Lobster, Live

A staple seafood item, American Lobster is sourced from the Canadian Maritimes and New England coastal states. LPSS is home to New York City's largest live lobster holding facility, where we stock all sizes - including culls, quarters, halves, selects, and jumbos - of hard shell lobster year round. The winter season supply is primarily landed in Nova Scotia while the spring and summer months add "new shells" from Maine. New Shells tend to be somewhat less expensive but are also less hearty and carry less meat.

Scientific Name

Homarus Americanus

Harvest Method

Wild trap caught

Harvest Area

New England Coastal States and Canadian Maritimes

Seasonality

Year Round

Responsible Sourcing Information

Cooking Notes

Steamed, grilled, or boiled.

Best Substitutes

Monkfish, Frozen Lobster Meat

Editorial

The American lobster, scientifically known as Homarus Americanus, is a species of lobster found on the Atlantic coast of North America. It is also known as Atlantic lobster, Canadian lobster, true lobster, northern lobster, Canadian Reds, and Maine lobster. This crustacean can reach a body length of 64 cm (25 in), and a mass of over 20 kilograms (44 lb), making it not only the heaviest crustacean in the world but also the heaviest of all living arthropod species. American lobsters are usually bluish-green to brown with red spines.
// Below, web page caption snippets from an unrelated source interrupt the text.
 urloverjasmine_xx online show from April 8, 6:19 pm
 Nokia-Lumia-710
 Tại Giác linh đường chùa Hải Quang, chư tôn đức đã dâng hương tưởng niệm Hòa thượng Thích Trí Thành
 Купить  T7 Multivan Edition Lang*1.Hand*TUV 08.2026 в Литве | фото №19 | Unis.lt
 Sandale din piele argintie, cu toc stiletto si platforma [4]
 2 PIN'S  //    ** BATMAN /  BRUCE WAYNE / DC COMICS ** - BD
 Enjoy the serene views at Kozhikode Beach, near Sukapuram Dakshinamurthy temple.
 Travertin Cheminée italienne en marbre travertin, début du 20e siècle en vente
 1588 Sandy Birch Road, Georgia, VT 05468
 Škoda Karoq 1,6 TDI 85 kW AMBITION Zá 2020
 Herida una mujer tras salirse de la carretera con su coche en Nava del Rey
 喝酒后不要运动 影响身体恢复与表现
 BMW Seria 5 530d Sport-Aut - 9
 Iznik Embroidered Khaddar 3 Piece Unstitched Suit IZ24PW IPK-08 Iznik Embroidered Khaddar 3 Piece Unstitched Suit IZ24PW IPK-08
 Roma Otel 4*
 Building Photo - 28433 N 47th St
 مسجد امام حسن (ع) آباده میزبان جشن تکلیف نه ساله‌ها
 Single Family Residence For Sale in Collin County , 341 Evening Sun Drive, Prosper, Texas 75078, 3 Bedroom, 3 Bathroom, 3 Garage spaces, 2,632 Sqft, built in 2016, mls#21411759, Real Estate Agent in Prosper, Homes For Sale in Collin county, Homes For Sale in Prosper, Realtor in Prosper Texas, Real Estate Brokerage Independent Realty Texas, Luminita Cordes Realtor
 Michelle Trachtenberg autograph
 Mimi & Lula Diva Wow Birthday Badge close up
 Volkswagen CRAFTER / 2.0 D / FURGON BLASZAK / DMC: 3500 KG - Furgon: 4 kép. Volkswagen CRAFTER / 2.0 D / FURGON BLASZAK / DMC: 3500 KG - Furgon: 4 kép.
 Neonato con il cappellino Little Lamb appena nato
Hard Shell American lobsters are shipped live to LPSS from Maine and Canada. They are shipped in refrigerated trucks where they can survive out of water for 4-5 days. The US fishery is open year-round, though US lobster boats tend to be smaller and sensitive to heavy weather. The Canadian lobster fishery is managed regionally, with different areas of the ocean opening and closing to fishing at different times. The major Canadian season, SW Nova Scotia runs from December to May and provides much of the inventory during those months.

The lobster fishery predominantly uses pots and traps, but other gear may include gillnets, trawls, and by hand by divers. Sustainably managed and responsibly harvested under U.S. regulations, U.S. wild-caught American lobster is a smart seafood choice.

In the kitchen, the American lobster is a highly sought-after seafood. The lobster’s meat is known for its rich, sweet, and delicate flavor, which lends itself well to a variety of dishes and cooking methods.

If you are looking for a substitute for live American lobster, consider monkfish or frozen lobster meat, which are comparable alternatives.